I write program that sharing Queue between 2 threads which 1 thread add data
to Queue.  And another thread get data from Queue to process.  My situation
is if there are alot of data to add (like loop to add).  The 2nd thread which
try to get data from Queue cannot access or rarely to access that Queue which
make the program has low performance.

How can I do to improve this situation?  I want 2nd thread can access as
fast as possible once Queue is not empty.

Here is some snippet code:-

Thread#1

For i as Integer = 1 To 1000
  SyncLock _queue.SyncRoot
     _queue.Enqueue(i)
     _newItemEvent.Set()
  End SyncRoot
Next

Thread#2

Dim item As Integer
While _queue.Count <= 0
    Thread.SpinWait(0)
End While

While _queue.Count > 0
  SyncLock _queue.SyncRoot
     item = DirectCast(_queue.Dequeue(), Integer)

     ....
  End SyncLock
End While

Thanks,
Thana N.
Greg Young - 28 Aug 2006 19:42 GMT
Don't use locking ....

There is a great implementation of a lock free queue here
http://www.boyet.com/Articles/LockfreeQueue.html. He also has a library you
can download which includes the implementation.

Cheers,

Greg Young
MVP - C#
http://codebetter.com/blogs/gregyoung

> Dear Guys,
>
[quoted text clipped - 39 lines]
> Thanks,
> Thana N.
Chris Mullins - 28 Aug 2006 20:16 GMT
I had access to a 16-process or Itanium Box, a 4 Processor Itanium box, a 2
Processor AMD machine, and my single processor laptop.

I took some time to run some locking / no-locking tests and came up with
surprising results. I keep meaning to write this up as a blog entry, but
unfortuantly I didn't to a thorough enough job of data capture.

On the 1 and 2 processor box, locking was faster. On the 4 processor box,
Lock-Free was a tiny bit faster.

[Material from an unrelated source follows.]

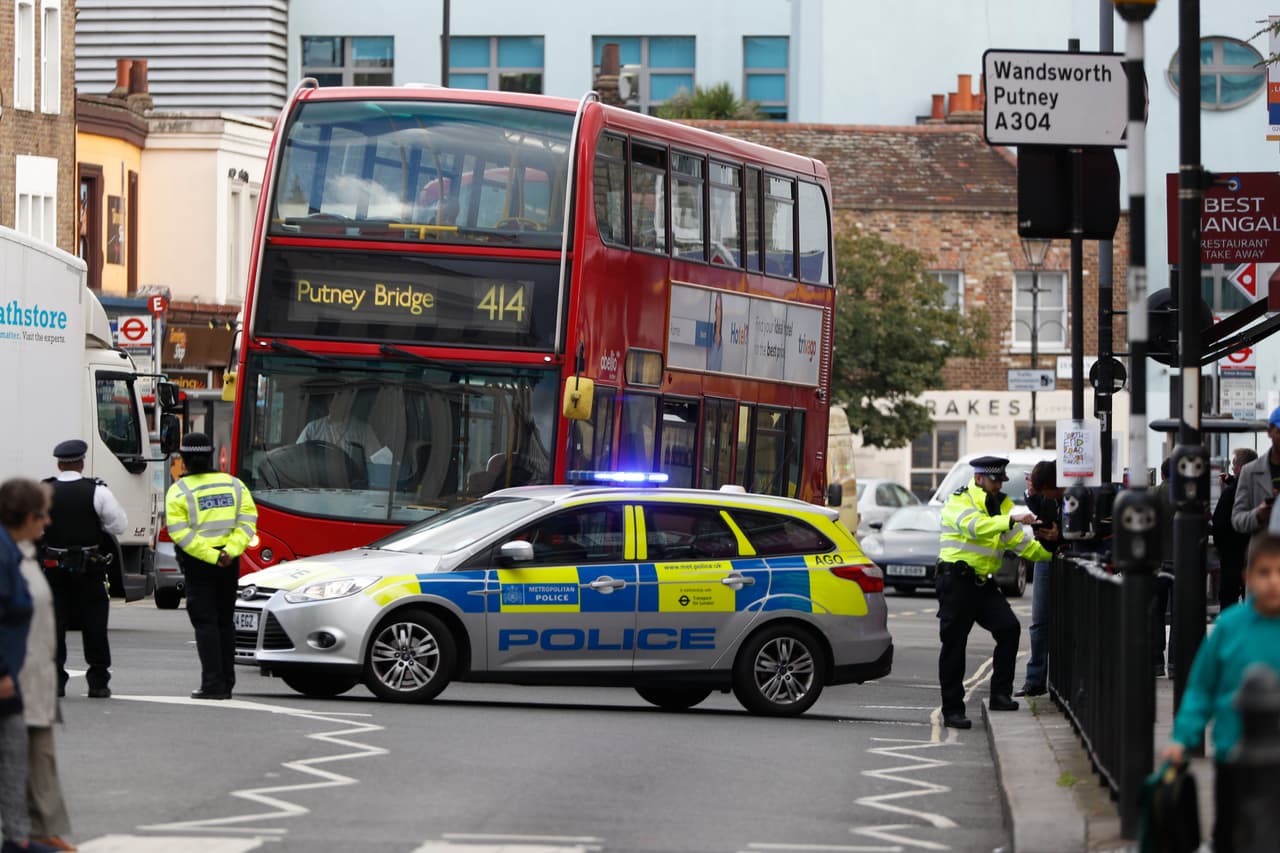 Acordonamiento policial alrededor de la estación del metro de Londres, Parsons Green, donde esta mañana hubo un incidente terrorista.
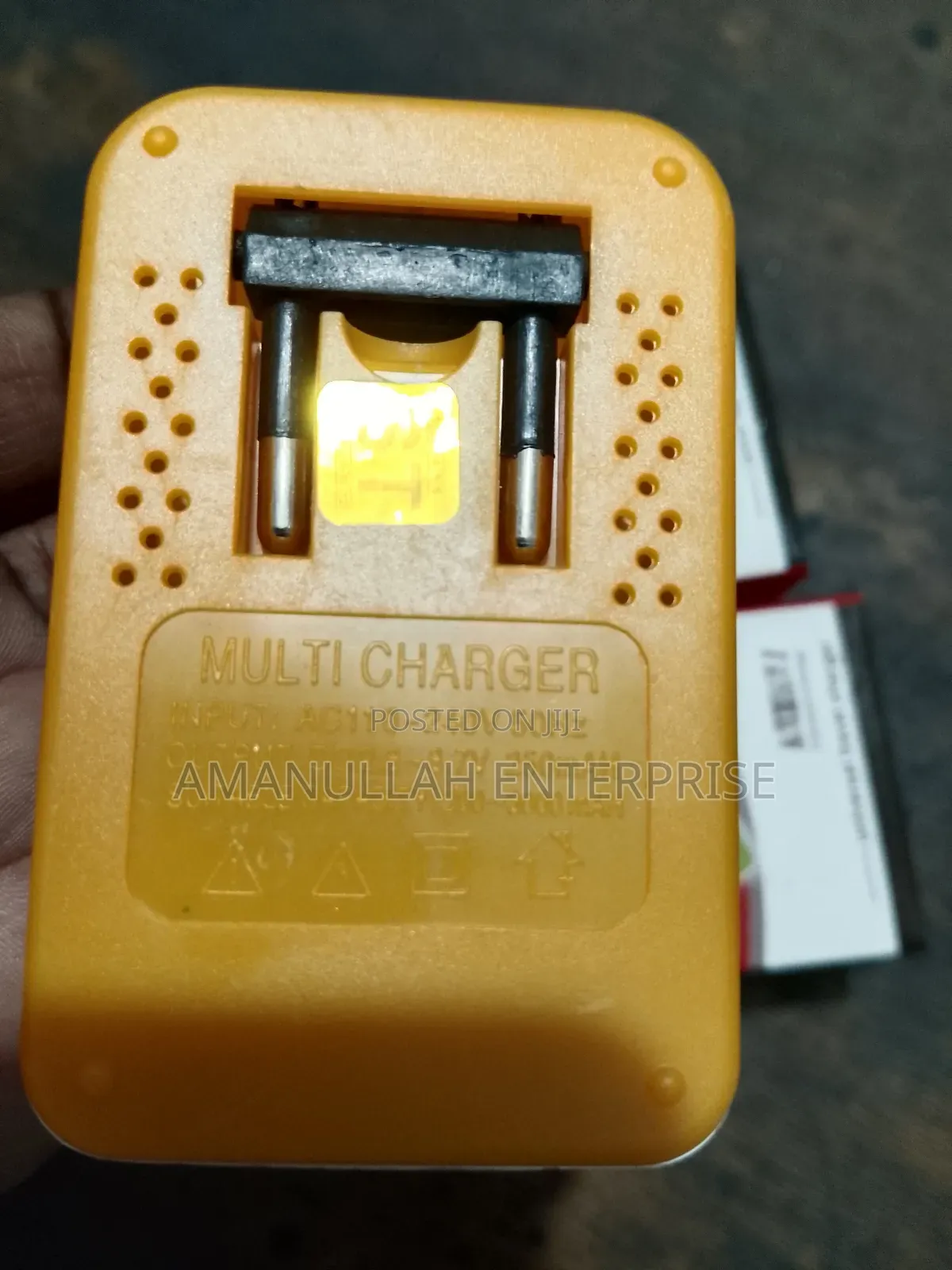 Universal Mobile Battery Charger.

On the 16 processor box it wasn't even
close - lock free won by more than an an order of magnitude.

What this ended up telling me is that I need a "smart queue" and "smart
list" that can look at the number of processors and make the decision which
algorithm to use.

--
Chris Mullins

> Don't use locking ....
>
[quoted text clipped - 51 lines]
>> Thanks,
>> Thana N.
Greg Young - 31 Aug 2006 19:36 GMT
I depends on usage as well .. with only a single reader/writer lock free
will fly.

> I had access to a 16-process or Itanium Box, a 4 Processor Itanium box, a
> 2 Processor AMD machine, and my single processor laptop.
[quoted text clipped - 69 lines]
>>> Thanks,
>>> Thana N.
Thana N. - 29 Aug 2006 04:25 GMT
Thanks for your reply, but I've forgot to tell you all that I still using
.NET 1.1 not 2.0.  Any suggestion for 1.1.

Thanks again,

> Don't use locking ....
>
[quoted text clipped - 51 lines]
> > Thanks,
> > Thana N.
Greg Young - 31 Aug 2006 19:35 GMT
So port the code to not use generics .. shouldn't take much more than 1/2 an
hour to only do the queue :) (just use object instead of T)

Cheers,

Greg
> Thanks for your reply, but I've forgot to tell you all that I still using
> .NET 1.1 not 2.0.  Any suggestion for 1.1.
[quoted text clipped - 58 lines]
>> > Thanks,
>> > Thana N.
Brian Gideon - 31 Aug 2006 19:54 GMT
> Don't use locking ....
>
[quoted text clipped - 7 lines]
> MVP - C#
> http://codebetter.com/blogs/gregyoung

Unfortunately, that implementation is not a blocking queue.  It is an
interesting article though.
Greg Young - 28 Aug 2006 19:45 GMT
Also just for your example ...

> For i as Integer = 1 To 1000
>   SyncLock _queue.SyncRoot
>      _queue.Enqueue(i)
>      _newItemEvent.Set()
>   End SyncRoot
> Next

The other thread cannot access the data because you hold the lock on the
data for the duration of all of the inserts.

Cheers,

Greg

> Dear Guys,
>
[quoted text clipped - 39 lines]
> Thanks,
> Thana N.
Thana N. - 29 Aug 2006 05:40 GMT
I understand your point Greg, that code just my simulation code.  My real
situation is it is a TCP Server that receives multiple messages at the same
time and these messages will be added to queue for another thread to get
these messages from the queue to send out to another server on 1-connection
and it cannot utilize my netwidth bandwidth, it just use 20% of it.  I think
queue accessing will be the one of my delay.  Any suggestion for my situation.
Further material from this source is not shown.